● **Problem**:
Beginning with the line containing "Thánh Tộc Chương 19 trang 108" and ending at the last line of the records, transcribe each line exactly. Do not include pictures.

----------------------------------------

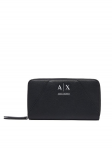 Armani Exchange Rahakott XW000359 AF26569 UC001 Must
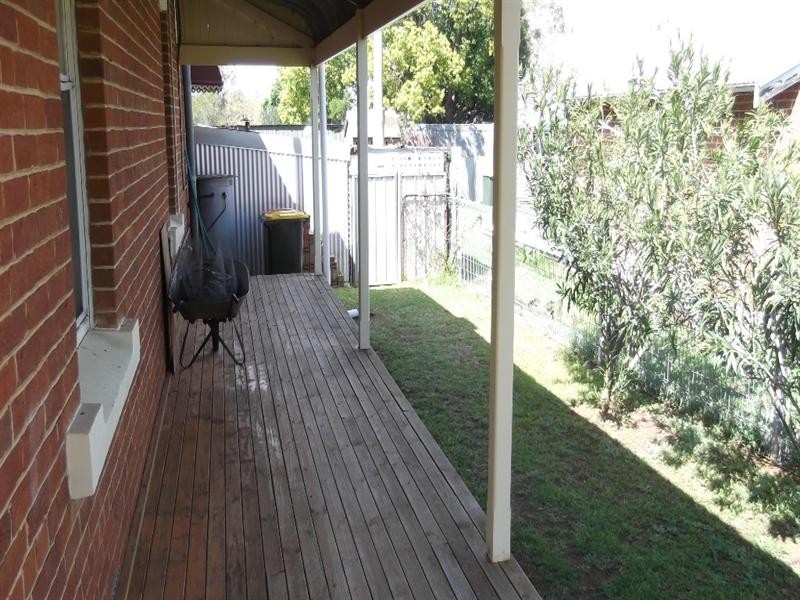 19 Stephen Street, Manilla NSW 2346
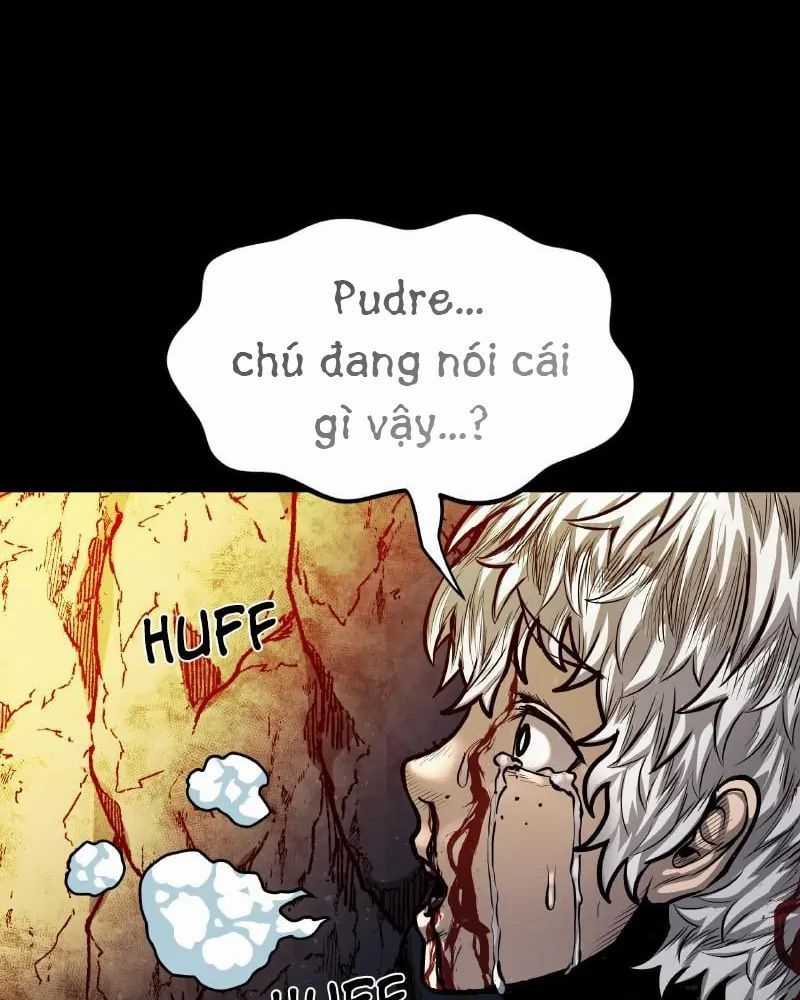 Thánh Tộc Chương 19 trang 108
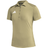 adidas Women's Classic Polo adidas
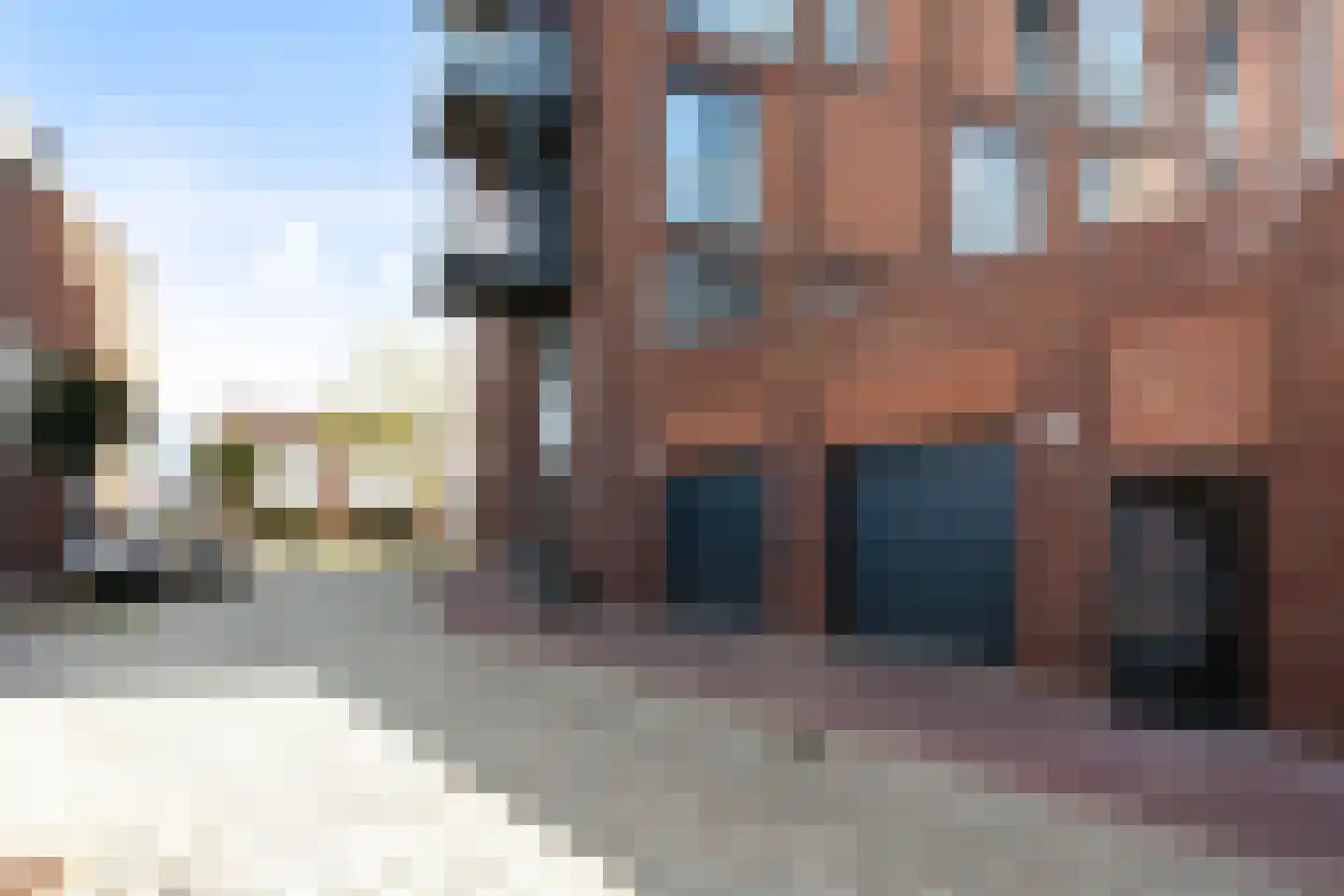 Fabriekstraat 36 Bergen op Zoom thumbnail 25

----------------------------------------

● **Finished exercise**:
 Thánh Tộc Chương 19 trang 108
 adidas Women's Classic Polo adidas
 Fabriekstraat 36 Bergen op Zoom thumbnail 25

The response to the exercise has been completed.